Fillon's wife Penelope was given a suspended three-year sentence for participating in the scheme that saw her paid over one million euros in public funds over a 15-year period.

The case was widely seen as a test of whether French politicians would now be held to account after decades of getting off lightly on charges of nepotism or financial misconduct.

Fillon and his wife were also ordered to pay fines of 375,000 euros ($423,000) each.

Presiding judge Nathalie Gavarino said Fillon, 66, pursued "personal enrichment" over the common good and "contributed to an erosion of public trust" in elected leaders.

A third defendant, Marc Joulaud - who stood in for Fillon in parliament when he was a cabinet minister and who also hired Penelope Fillon as an assistant - was given a suspended three-year sentence.

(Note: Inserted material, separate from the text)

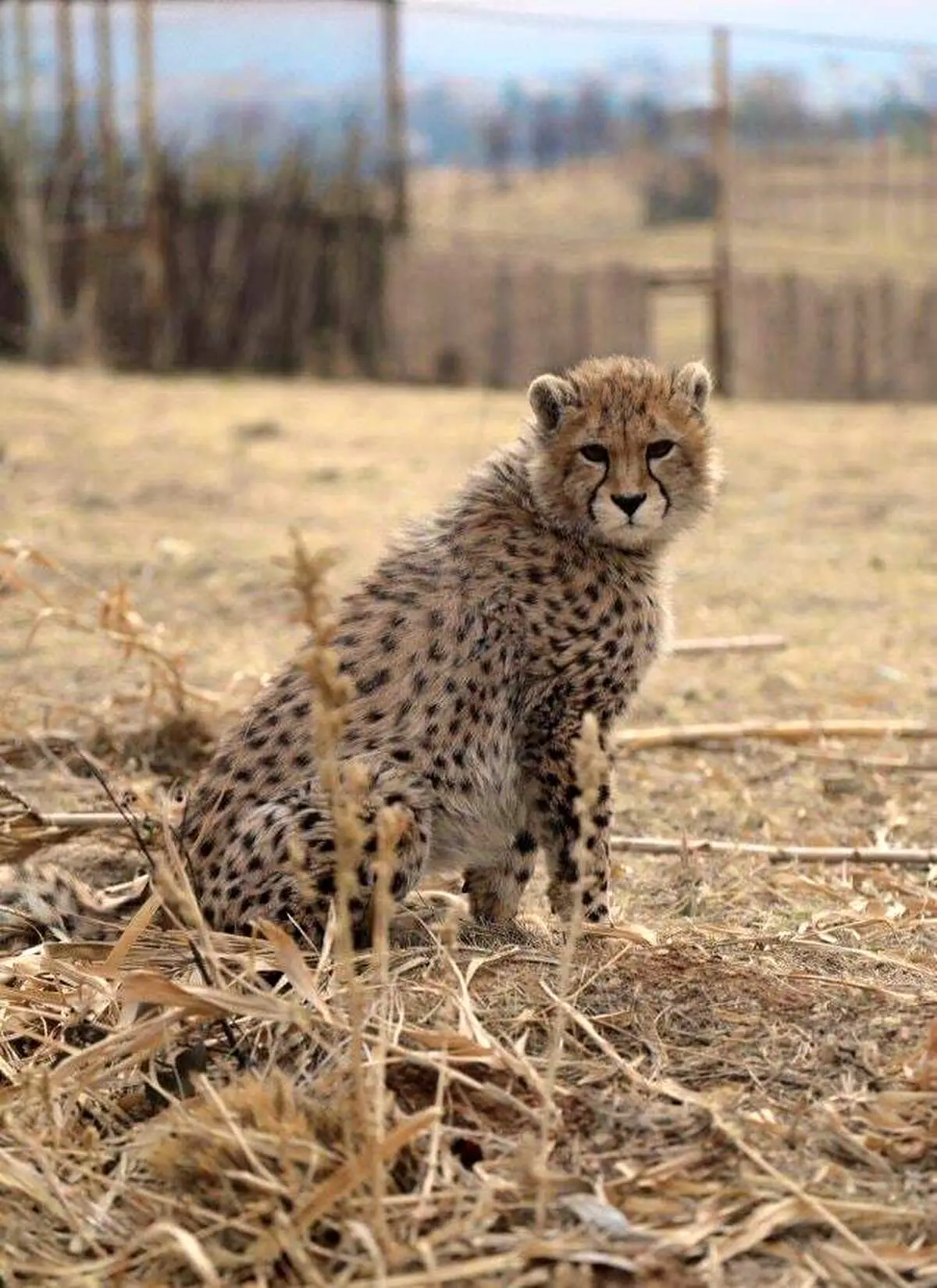 یال و کوپال پیروز ۸ ماهه + عکس داغ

The three were ordered to collectively reimburse one million euros to the National Assembly, where Penelope supposedly worked as Fillon's parliamentary assistant from 1998 to 2013.

Facing two years behind bars, Fillon was allowed to leave the courthouse a free man, for now, after the couple's lawyers said they would appeal.

"Obviously, this ruling is not fair," Fillon's lawyer Antonin Levy said. The couple did not make any statement to dozens of journalists gathered as they left the courthouse.

The allegations that Fillon pilfered public coffers for years pummelled his image as an upright fiscal hawk promising to right the country's finances - and loomed large in the "yellow vest" anti-government protests that rocked the country in 2018-2019.

A newspaper report on the fake job surfaced in January 2017, just after Fillon clinched the nomination from his rightwing Republicans party for a presidential race he was widely tipped to win.

It later emerged Fillon had used public money to pay two of his children a combined 117,000 euros for sham work while he was a senator, before becoming premier in the government of then-president Nicolas Sarkozy.